Two-and-a-half billion people worldwide have no access to safe, durable sanitation systems. Brian Arbogast, director of the water, sanitation and hygiene programme at the Bill & Melinda Gates Foundation, tells SciDev.Net how innovative toilet technologies and business models could help fix this — and help communities cope with the devastation of climate change.

How does climate change impact sanitation?

With sea levels rising, you have flooding that causes huge health problems. As latrines and septic tanks get flooded and waste goes into the streets and streams, it can carry a lot of disease, including cholera, dysentery and typhoid.

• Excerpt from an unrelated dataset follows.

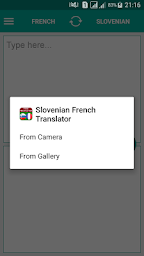 Slovenian French Translator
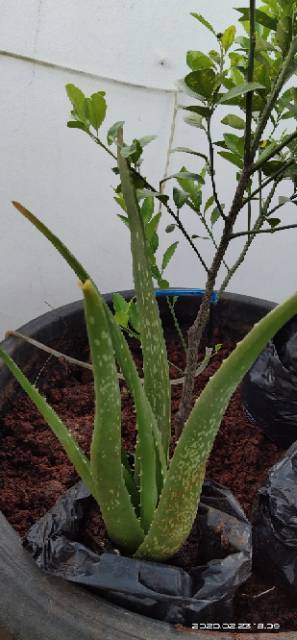 TANAMAN  LIDAH BUAYA KALIMANTAN , ALOE VERA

The problem is that the world has only one gold standard for sanitation, which is having flush toilets connected to sewer lines, that are further connected to big and expensive wastewater treatment plants. Growing cities that already have water shortages may not have enough water for everybody to bathe and cook, let alone to flush toilets. So, are these cities going to follow the same path we have taken for the last century in developed cities?

Spending on sewer systems and treatment plants would be as bad an idea as building a new coal power plant. You are committing to the next 50 years and if you are going to have an infrastructure that requires a lot of water and electricity, you are only making your city less resilient in the face of climate change.

Read the complete article.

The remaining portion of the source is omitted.